**INSTRUCTIONS FOR THE TASK**. Scan the listing below for the word "Soft", then copy each line that has it.

**MATERIAL SHOWN**.
============
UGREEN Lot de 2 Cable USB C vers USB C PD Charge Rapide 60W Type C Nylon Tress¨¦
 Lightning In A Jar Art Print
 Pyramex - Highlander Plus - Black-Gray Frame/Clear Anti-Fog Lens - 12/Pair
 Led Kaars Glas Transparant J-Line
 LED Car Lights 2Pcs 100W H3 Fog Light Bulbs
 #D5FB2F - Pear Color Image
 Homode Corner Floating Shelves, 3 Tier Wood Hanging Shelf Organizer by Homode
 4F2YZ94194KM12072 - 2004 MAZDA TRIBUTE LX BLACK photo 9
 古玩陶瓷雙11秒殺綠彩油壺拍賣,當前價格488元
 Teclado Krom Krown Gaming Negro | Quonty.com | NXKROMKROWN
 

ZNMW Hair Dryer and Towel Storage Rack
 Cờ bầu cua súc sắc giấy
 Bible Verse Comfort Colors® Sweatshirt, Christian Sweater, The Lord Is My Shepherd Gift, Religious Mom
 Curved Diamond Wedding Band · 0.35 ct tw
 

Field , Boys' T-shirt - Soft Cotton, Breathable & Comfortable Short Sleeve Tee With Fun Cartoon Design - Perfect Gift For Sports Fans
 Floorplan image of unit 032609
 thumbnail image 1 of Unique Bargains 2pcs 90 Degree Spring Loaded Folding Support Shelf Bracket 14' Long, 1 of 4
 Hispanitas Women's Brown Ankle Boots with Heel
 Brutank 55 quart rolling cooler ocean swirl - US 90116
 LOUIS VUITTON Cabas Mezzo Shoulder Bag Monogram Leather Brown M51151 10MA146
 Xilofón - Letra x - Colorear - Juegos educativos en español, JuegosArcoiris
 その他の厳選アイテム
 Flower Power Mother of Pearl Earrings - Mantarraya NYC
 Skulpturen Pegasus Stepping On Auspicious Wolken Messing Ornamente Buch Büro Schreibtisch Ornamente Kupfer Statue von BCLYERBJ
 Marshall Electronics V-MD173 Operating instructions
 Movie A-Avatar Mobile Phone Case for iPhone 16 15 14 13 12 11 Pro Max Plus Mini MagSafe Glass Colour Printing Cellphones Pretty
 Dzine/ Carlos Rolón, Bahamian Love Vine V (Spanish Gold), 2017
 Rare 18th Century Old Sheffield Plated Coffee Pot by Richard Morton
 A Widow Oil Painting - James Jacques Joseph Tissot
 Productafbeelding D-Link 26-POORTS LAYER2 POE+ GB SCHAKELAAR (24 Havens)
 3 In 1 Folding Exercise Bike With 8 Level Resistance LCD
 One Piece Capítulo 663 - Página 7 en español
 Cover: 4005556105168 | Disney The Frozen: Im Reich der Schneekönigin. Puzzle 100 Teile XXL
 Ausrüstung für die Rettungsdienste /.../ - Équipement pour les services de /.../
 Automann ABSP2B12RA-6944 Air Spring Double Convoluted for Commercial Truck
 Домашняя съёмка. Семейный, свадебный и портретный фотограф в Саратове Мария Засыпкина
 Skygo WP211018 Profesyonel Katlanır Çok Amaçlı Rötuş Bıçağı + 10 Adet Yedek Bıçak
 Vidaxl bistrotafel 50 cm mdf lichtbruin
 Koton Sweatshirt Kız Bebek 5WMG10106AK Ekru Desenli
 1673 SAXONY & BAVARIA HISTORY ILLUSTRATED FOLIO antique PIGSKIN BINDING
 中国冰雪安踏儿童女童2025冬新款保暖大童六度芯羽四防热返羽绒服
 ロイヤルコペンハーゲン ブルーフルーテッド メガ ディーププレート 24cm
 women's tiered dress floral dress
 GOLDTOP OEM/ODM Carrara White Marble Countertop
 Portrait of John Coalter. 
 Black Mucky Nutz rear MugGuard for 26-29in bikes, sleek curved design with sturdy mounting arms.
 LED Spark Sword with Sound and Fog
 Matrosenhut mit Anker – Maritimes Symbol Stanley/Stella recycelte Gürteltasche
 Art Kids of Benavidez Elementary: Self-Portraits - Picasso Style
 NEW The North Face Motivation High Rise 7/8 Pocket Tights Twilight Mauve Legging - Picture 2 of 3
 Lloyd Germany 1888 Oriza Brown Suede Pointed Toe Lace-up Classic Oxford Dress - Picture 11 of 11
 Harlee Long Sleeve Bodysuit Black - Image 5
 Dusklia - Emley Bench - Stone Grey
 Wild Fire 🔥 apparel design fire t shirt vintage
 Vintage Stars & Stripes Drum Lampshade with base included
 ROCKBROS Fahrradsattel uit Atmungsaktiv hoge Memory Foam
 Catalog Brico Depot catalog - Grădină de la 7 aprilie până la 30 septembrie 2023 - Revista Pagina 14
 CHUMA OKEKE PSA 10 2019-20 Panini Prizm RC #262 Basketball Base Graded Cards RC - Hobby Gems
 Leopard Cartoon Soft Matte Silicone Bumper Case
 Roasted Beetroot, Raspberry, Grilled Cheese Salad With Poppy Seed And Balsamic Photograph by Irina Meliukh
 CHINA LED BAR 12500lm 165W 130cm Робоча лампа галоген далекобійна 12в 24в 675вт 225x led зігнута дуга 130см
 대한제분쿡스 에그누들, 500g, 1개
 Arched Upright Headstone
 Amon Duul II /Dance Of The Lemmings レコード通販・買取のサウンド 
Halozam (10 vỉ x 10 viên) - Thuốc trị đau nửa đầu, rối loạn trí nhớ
============
**RESPONSE TO THIS EXERCISE**.
Field , Boys' T-shirt - Soft Cotton, Breathable & Comfortable Short Sleeve Tee With Fun Cartoon Design - Perfect Gift For Sports Fans
 Leopard Cartoon Soft Matte Silicone Bumper Case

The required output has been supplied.